I'm not convinced anyone is actually withdrawing capacity from the market, a la the 1970s, however. Certainly there's a labour shortage in the oil industry, and that's slowing the development of new projects.

On 2., ok, let's call them "willfully blind." Scientists have families to feed too. I still maintain that you can learn a lot about an R&D company by looking at their books.

Krassen Dimitrov said...

Oh, I see now what you mean by speculation. What I meant to say was that the big players: nationals indeed, and pseudo-nationas (think Russia) are not eager to add capacity and are happy to hoard reserves and see prices go up.
Will there be a "dump"? You bet! Oil production costs are still a very small fraction of the price. Any sign of renewables starting to make a dent and you'll see capacity added in a hurry, to bring the prices down and to suppress the renewables. When production costs are in the single digit percentages, nobody would let a costlier competition steal market share. We are around the peak, for sure, however there will be fluctuations. We'll see $70 before we see $200.

Mark Lazen said...

...Which is why we need a tax policy that helps keep the price of oil high enough to reflect some degree of it's true high cost.

Robert--love your blog. Drop me a line at mark@socialmediatoday.com if you would. I'd like to talk about getting you to lend a feed to http://www.theenergycollective.com.


Anonymous said...

Good post. One quibble: the 35% efficiency factor for oil appears high, especially for the US, where the average vehicle gets about 21 MPG, equal to about 1.5 KWh per mile, vs an EV which might get .35 KWH per mile (for the current fleet's weight & size distribution).

That suggests about 20% efficiency to me.

Krassen Dimitrov said...

Nick, this is interesting... are those comparable size vehicles?

Anonymous said...


.25KWH/mile for a small sedan, .35 for standard, .45 for a light truck (SUV/pickup).

.35 for the current US fleet weight and size distribution.

35 KWH/gallon divided by 21 MPG gives about 1.67KWH/mile, so 21%.

Robert McLeod said...

I personally wouldn't consider drag losses, tire losses, transmission losses, etc. as a part of oil's efficiency. I simply was comparing the amount of work you get out of a given quanta of energy.

The appropriate comparison to make is a stationary diesel or gasoline generator.

Anonymous said...

"I personally wouldn't consider drag losses, tire losses, transmission losses, etc. as a part of oil's efficiency. "

That's why I compared electric vehicles to ICE vehicles: those losses are the same in both.

"I simply was comparing the amount of work you get out of a given quanta of energy."

So was I. The point is, small ICE's are very inefficient.

"The appropriate comparison to make is a stationary diesel or gasoline generator."

The correct comparison is the actual power production efficiency in vehicles. If you electrify vehicles you reduce BTU consumption by 80% compared to the actual US fleet in use today.

Cyril R said...

Valid points, Robert, but even you have to admit that carbon trading is better than doing nothing to price GhG emissions!
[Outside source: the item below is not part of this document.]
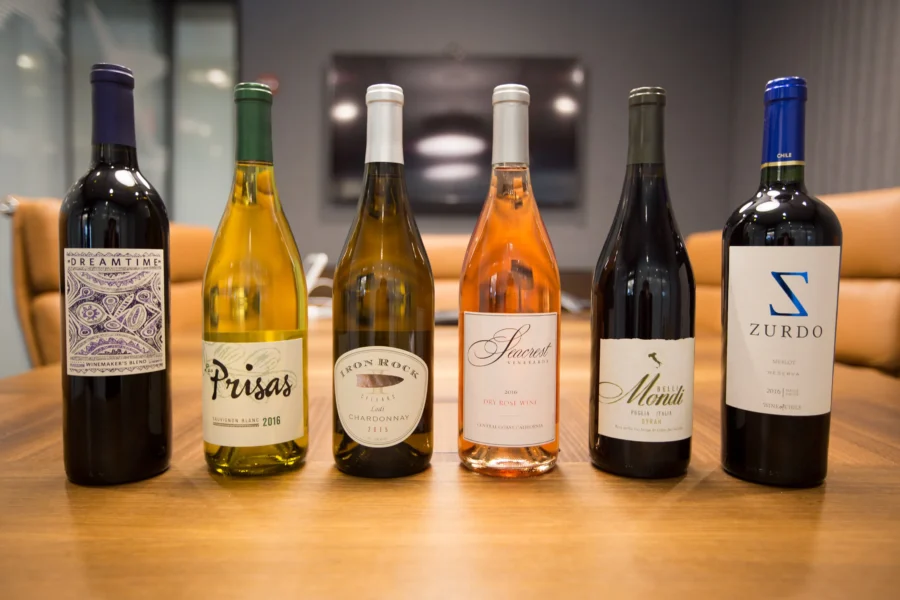 Wine bottles display in modern setting showcasing diverse vintages and varietals.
How about carbon trading AND a vanilla no loophole carbon tax on top of that? With carbon trading made more scarce over the years, and the carbon tax increased over time as well.
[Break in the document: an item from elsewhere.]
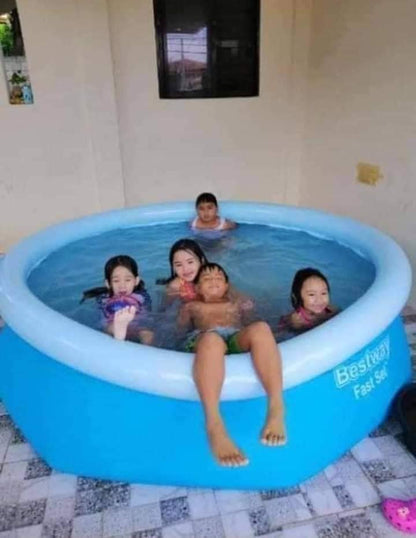 Round pool with portable inflatable structure, designed for outdoor family use with durable and spacious layout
Lots of bureaucracy, but that comes with the menu.

Cyril R said...

I've been thinking about it some more, and have to agree that the carbon tax would be better overall. Feasibility is a different issue though.
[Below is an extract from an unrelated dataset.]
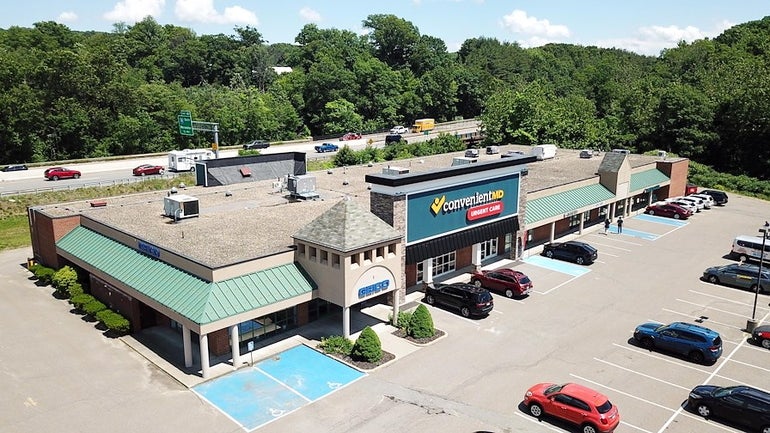 Aerial view of shopping plaza with highway behind it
Have you considered recycling the carbon tax revenue back into the economy via income tax rebates?

That way, the money gathered from the carbon tax could be mostly returned to those that suffer most from it, allowing them to buy more expensive but efficient stuff. While simultaneously improving macro economical equity and cost-effectiveness, and providing a favorable and stable, no-bubble&bust investment climate for alternative energy and efficiency in general.

The only disadvantage would be that carbon intensive industries could lose out a bit. But overall, a huge improvement in economic efficiency, mitigation of GhG emissions and peak oil, improvements in local and regional air quality and human health, and macro-economical equity. Perhaps a small tax reduction based on best-performance allocation could amend the burden for carbon intensive industries.